Intellectuals may argue about this, that and the other but the simple mathematic fact is that Greeks will become about 30-40% poorer unless they start generating some value on their own (instead of importing value).

If Greeks want to be driven by proud emotions and revert to slogans like “we don’t need the Euro; it has only brought us bad luck; let’s get out of it!”, well, these Greeks should ponder the following:

A Euro-exit would devalue domestic Greek financial assets (savings!) overnight by 30-40% in terms of foreign currency. If you were planning a trip to, say, Germany, that trip will cost 30-40% more overnight. If you were proud to have saved 100,000 Euro in your bank account, those savings will overnight be worth only 60,000 Euro or so.

If you were used to buying imported goods at cheap prices, forget it! You may no longer be able to import them at all, but if you can, they will cost you a fortune.

The good news would be that the government no longer has cash flow problems. They could pay all their domestic bills (salaries, social transfers, etc.) on time by printing more of the new local currency. Just wait to see what impact that will have on domestic inflation (and on the future value of your own net worth!).

What is the lesson of all of this? It is: START MANUFACTURING!!! Start manufacturing many of those products which you are presently importing!!! Imports are equivalent to the export of jobs. If you import less, you have more domestic jobs. More jobs which will generate tax revenue for the government and more manufacturing businesses will generate more corporate taxes for the government.

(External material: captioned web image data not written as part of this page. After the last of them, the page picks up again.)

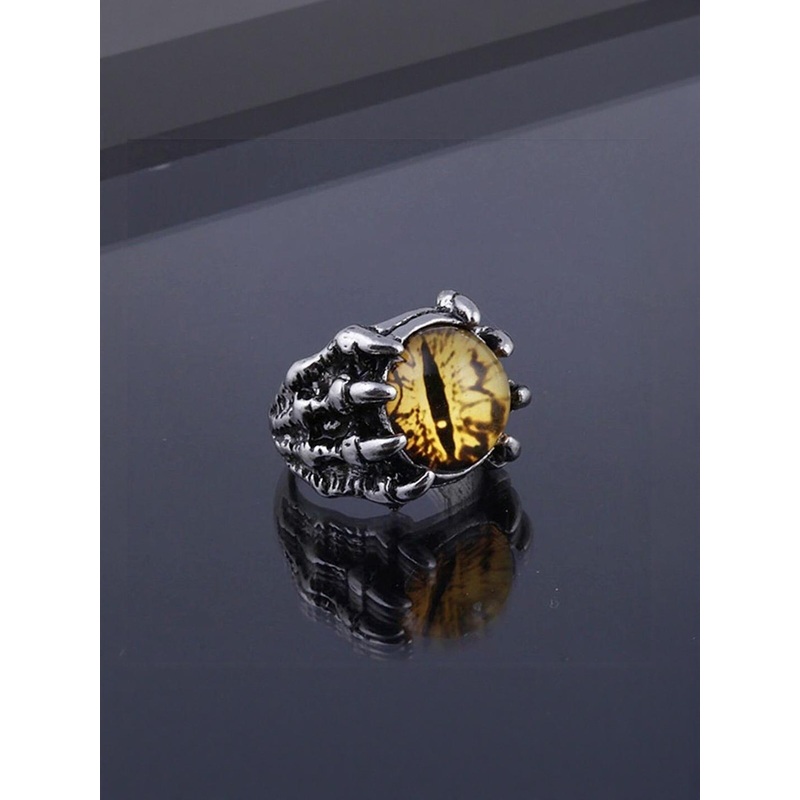 J.S ENTERPRISES Unisex Stainless Steel Artificial Stone Studded Finger Eye Ring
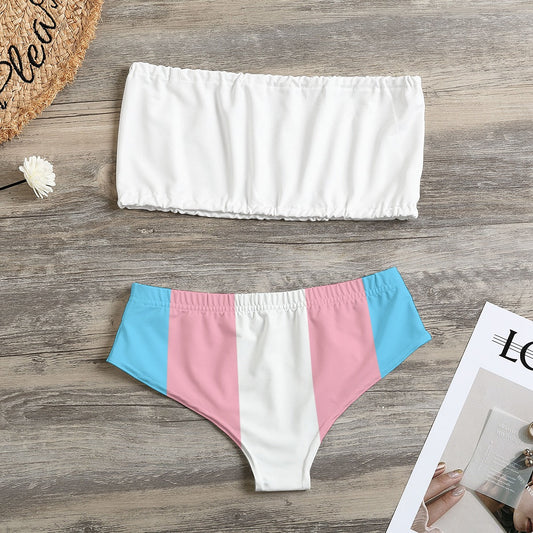 Trans Coloured Trans Pride Two-Piece Strapless Bikini
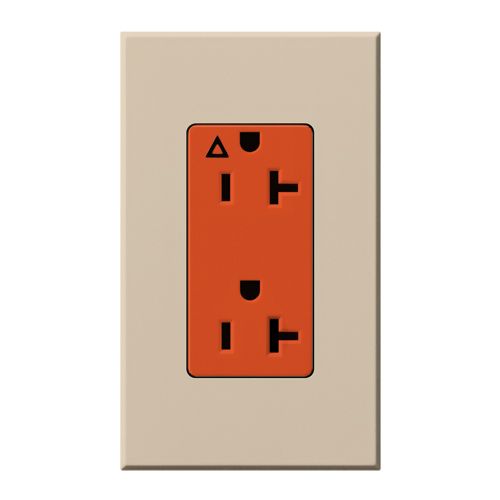 Main product image of Architectural 20A Isolated Ground Duplex Receptacle, Orange Outlet, Color Code for Included Wall Plate, Matte Finish, Taupe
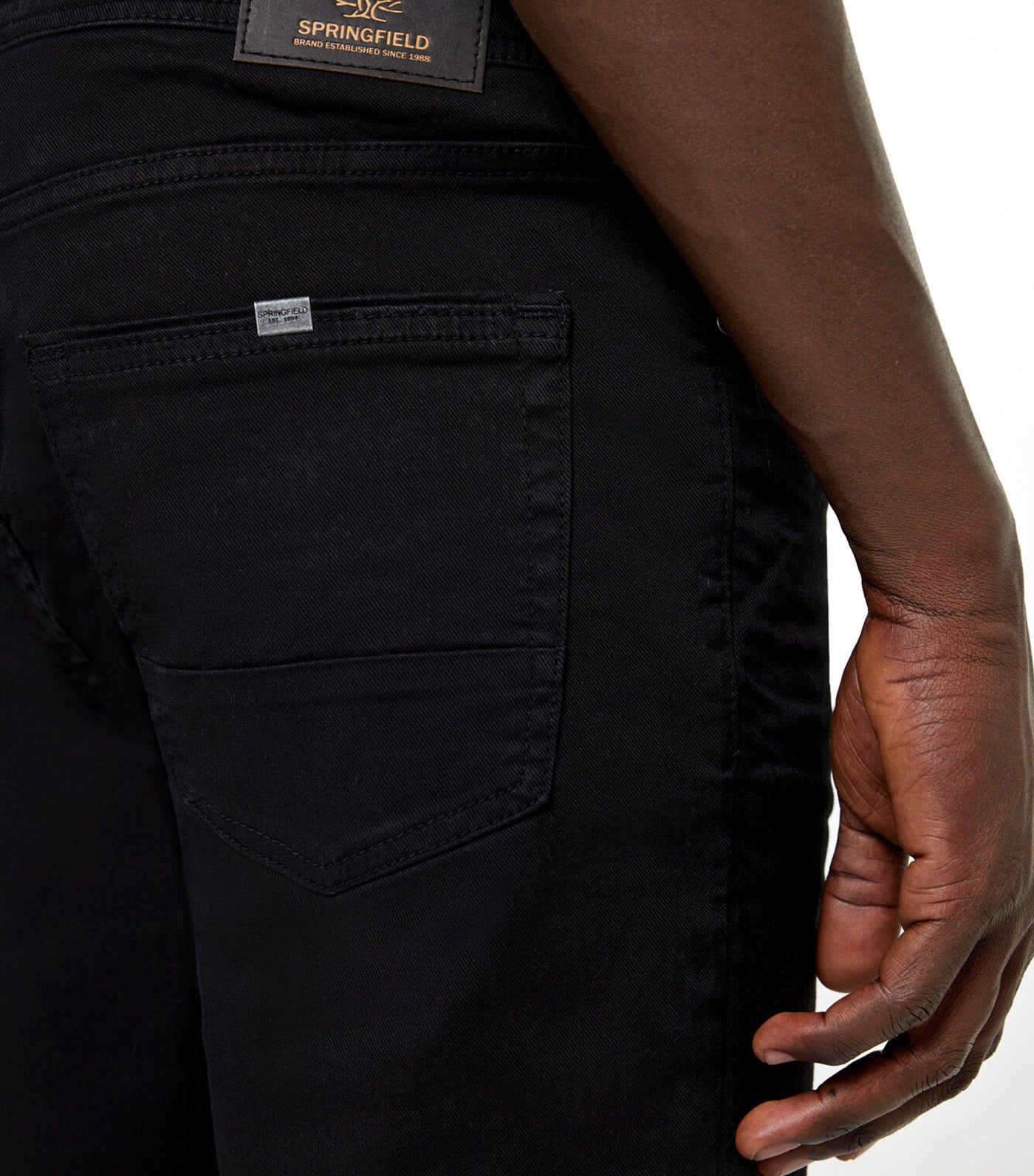 Washed Skinny 5-Pocket Pants Black
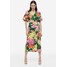 H&M Kopertowa sukienka z bufkami - 1088400001 Zielony/Kwiaty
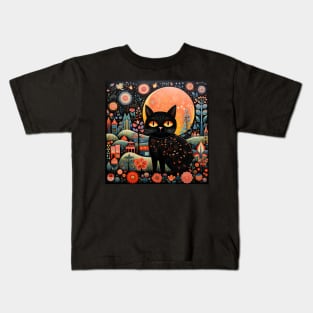 Surrealistic Folk Art Dark Floral Motif Black Cat Design Kids T-Shirt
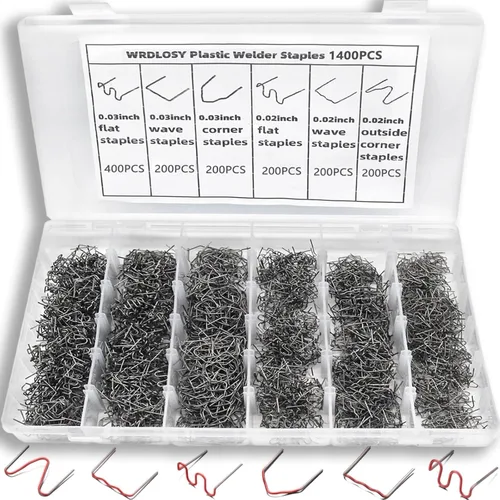 Kit de soldadura de plástico de 1400 piezas, grapas de soldador de plástico, con caja de almacenamiento, grapas de soldadura, kit de soldador de 6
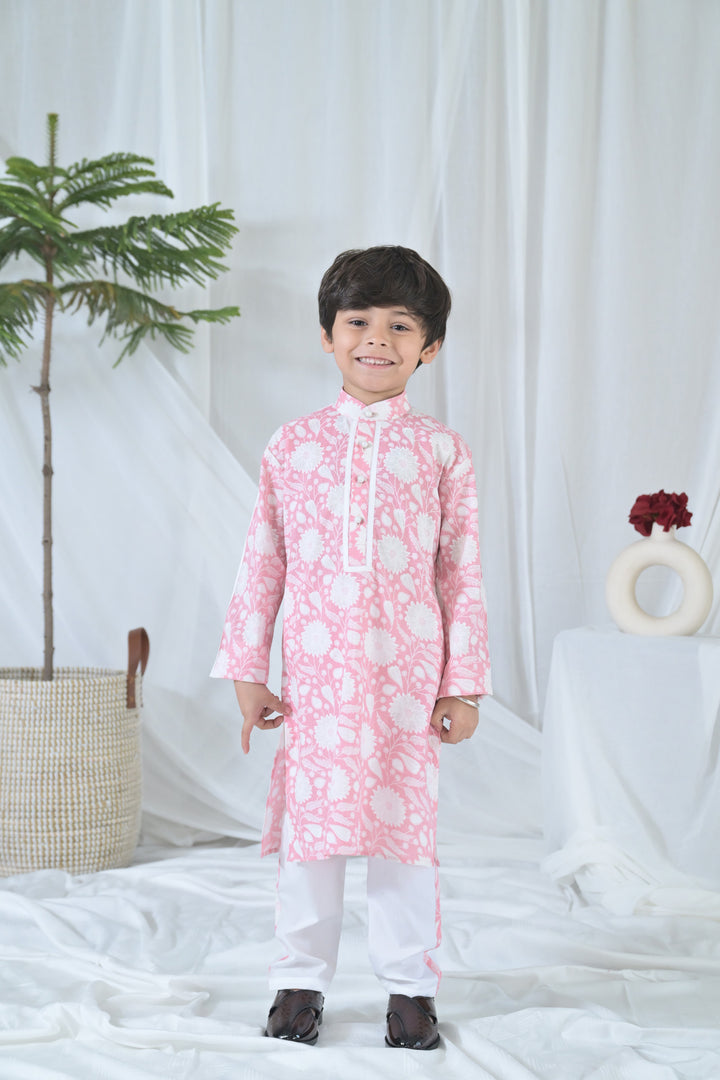 Tiny Pink Blossom Kurta Set (2pc) (0-12 Yrs) MOMZJOY.COM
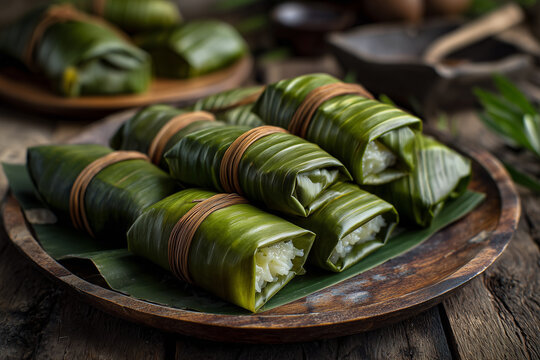 Traditional lemper glutinous rice snack wrapped in banana leaf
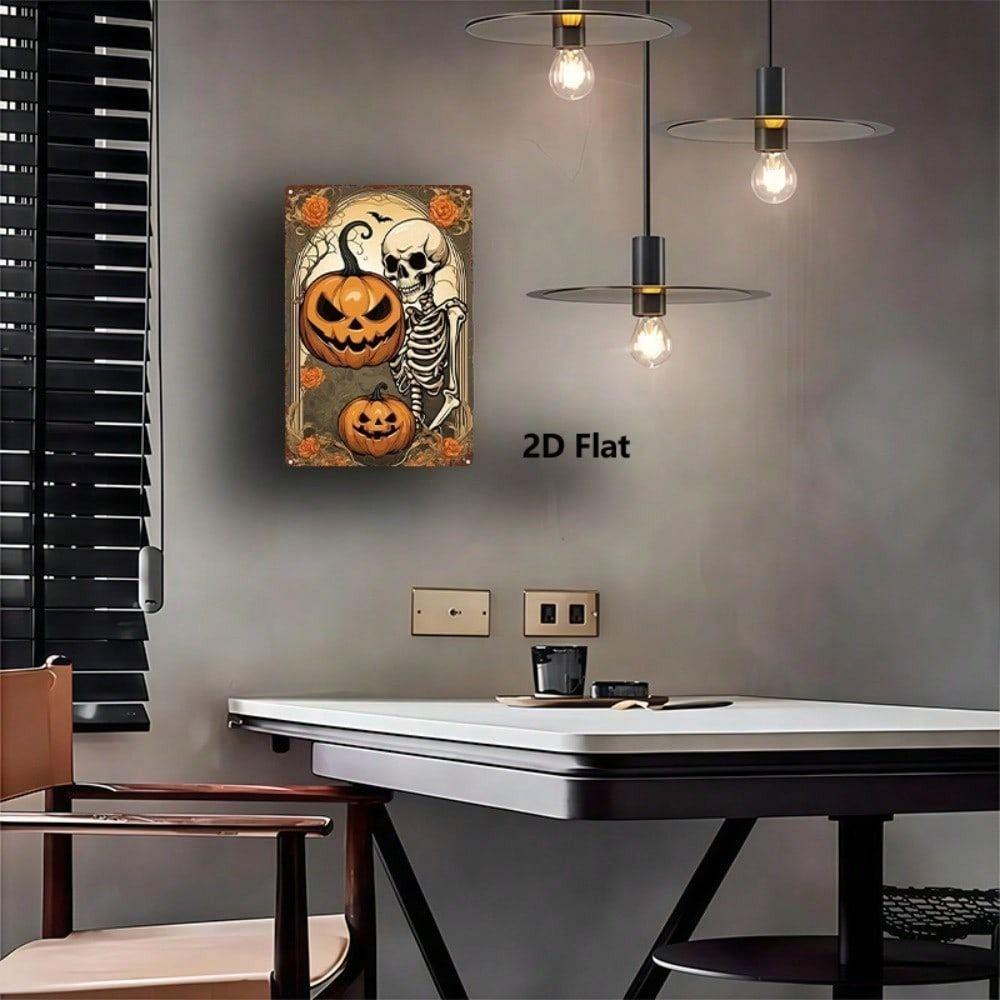 Rustic Pumpkin Skeleton Metal Wall Art Vintage Halloween Decor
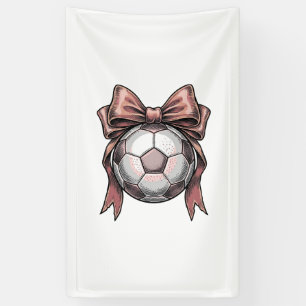 Fußball Vintage rosa Schleife Banner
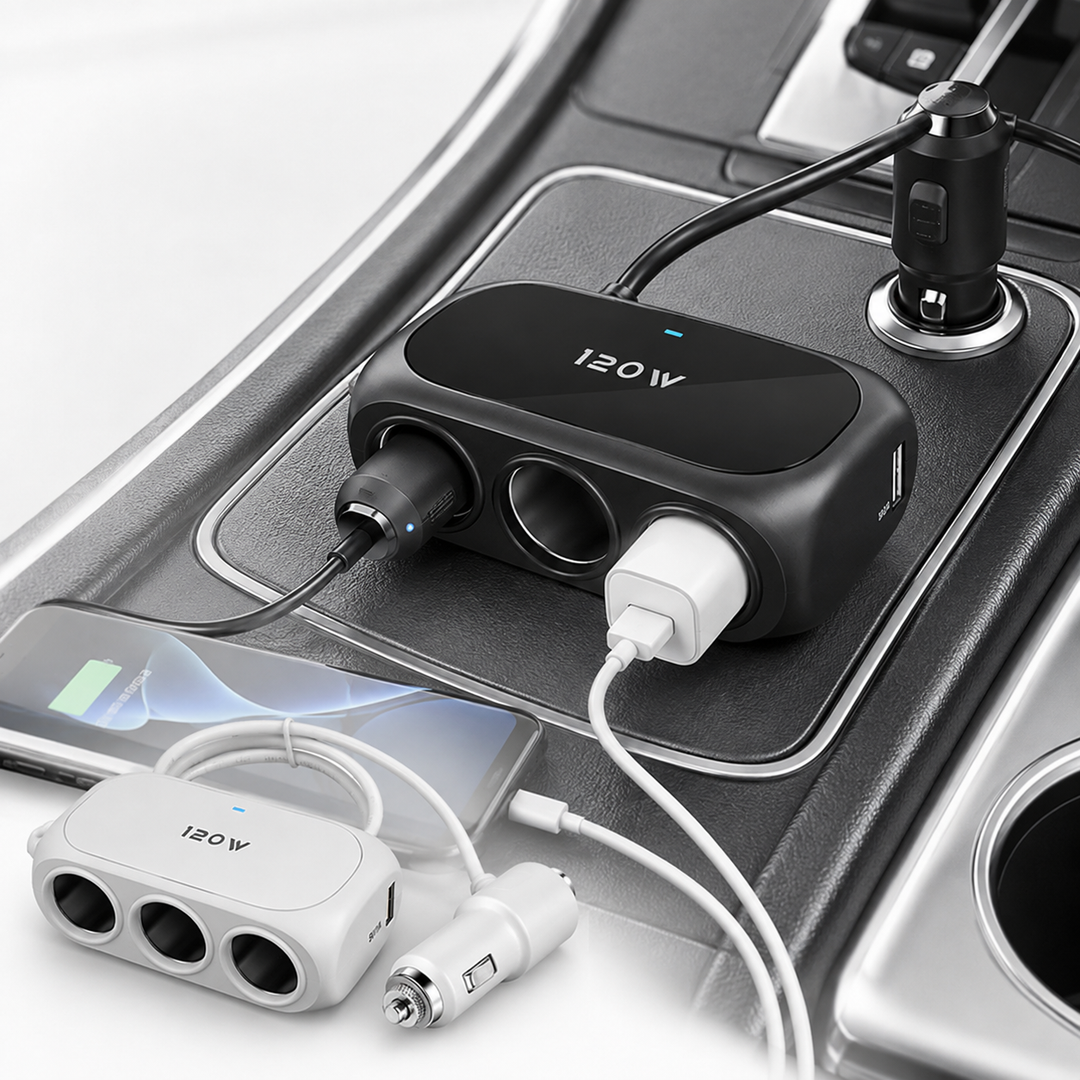 Car Cigarette Lighter Socket Triple Splitter with USB Fast-Charge and Surge Protection Bowlift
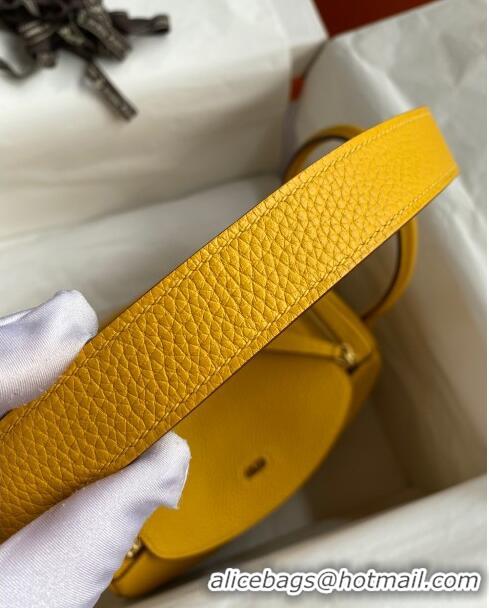 Well Crafted Hermes Lindy 26/30 Bag in Original Taurillon Clemence Leather H1501 Amber Yellow/Gold 2024 (Full Handmade)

How can you accomplish that? Well, just tell your government that they should explain to you what needs to be done. They will probably tell you that imports will have to be reigned in through special taxes on imports and domestic production (for the substitution of those imports) will have to be incentivated by a new Investment Law which assures investors that their investment has high security and good profit potential. And since no one in Greece will believe that the government will honor such a law, the government should ask the EU to guarantee compliance with it. Once that is in place, investors won’t have to be begged to invest. Instead, they will do that at their own initiative!

And you will live happily ever thereafter!